Directions for this task: Only a verbatim restatement of the lines from the one with "38, TYEDEAN ROAD, TELSCOMBE" through the end of the listing below is wanted. Pictures should be left out.

Provided material:
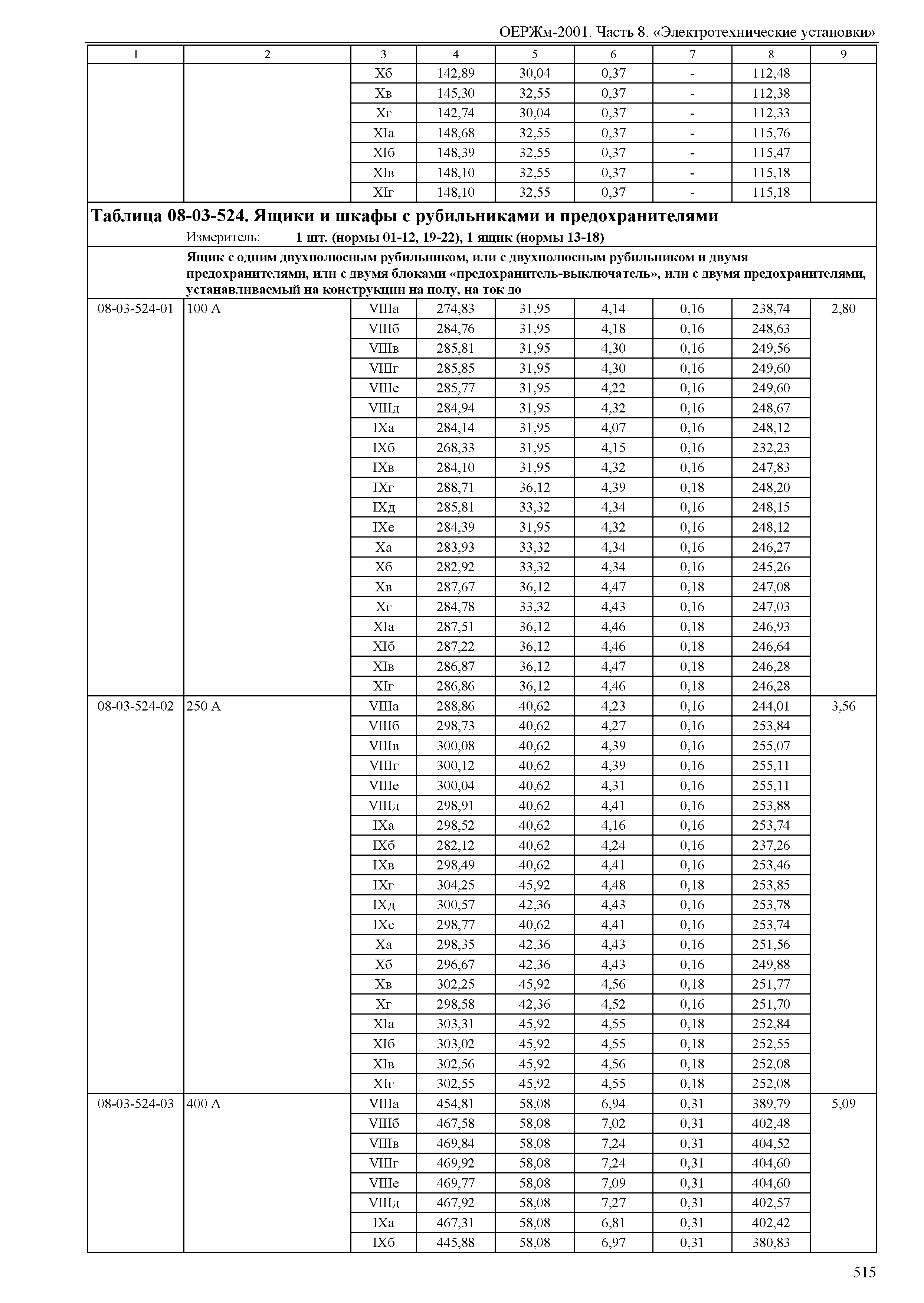 ОЕРЖм 81-03-08-2001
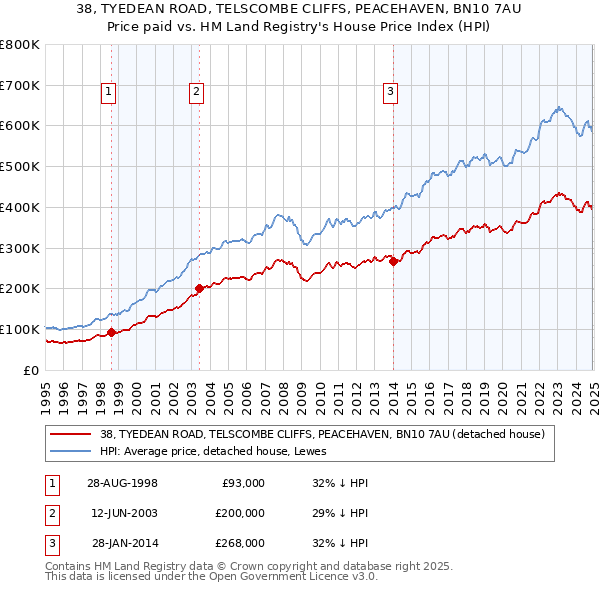 38, TYEDEAN ROAD, TELSCOMBE CLIFFS, PEACEHAVEN, BN10 7AU: Price paid vs HM Land Registry's House Price Index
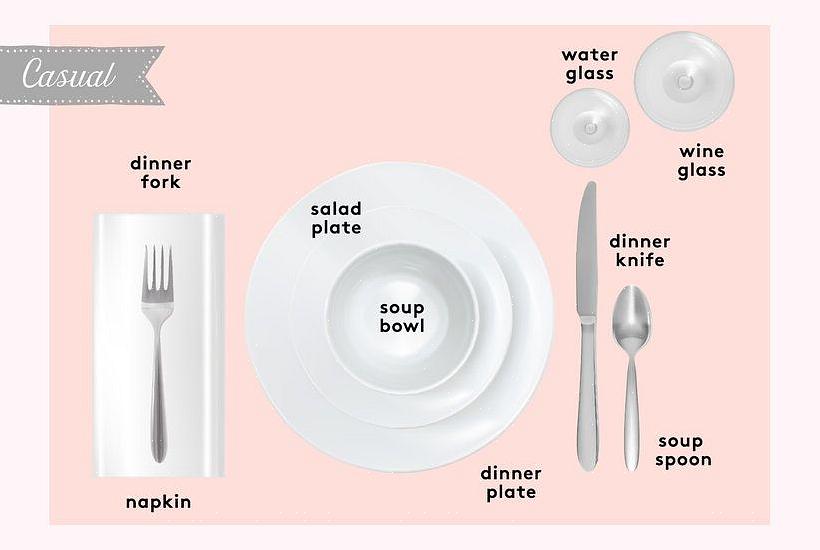 Ce qui suit est la façon traditionnelle de mettre chaque place sur la table du dîner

Solution to the problem:
 38, TYEDEAN ROAD, TELSCOMBE CLIFFS, PEACEHAVEN, BN10 7AU: Price paid vs HM Land Registry's House Price Index
 Ce qui suit est la façon traditionnelle de mettre chaque place sur la table du dîner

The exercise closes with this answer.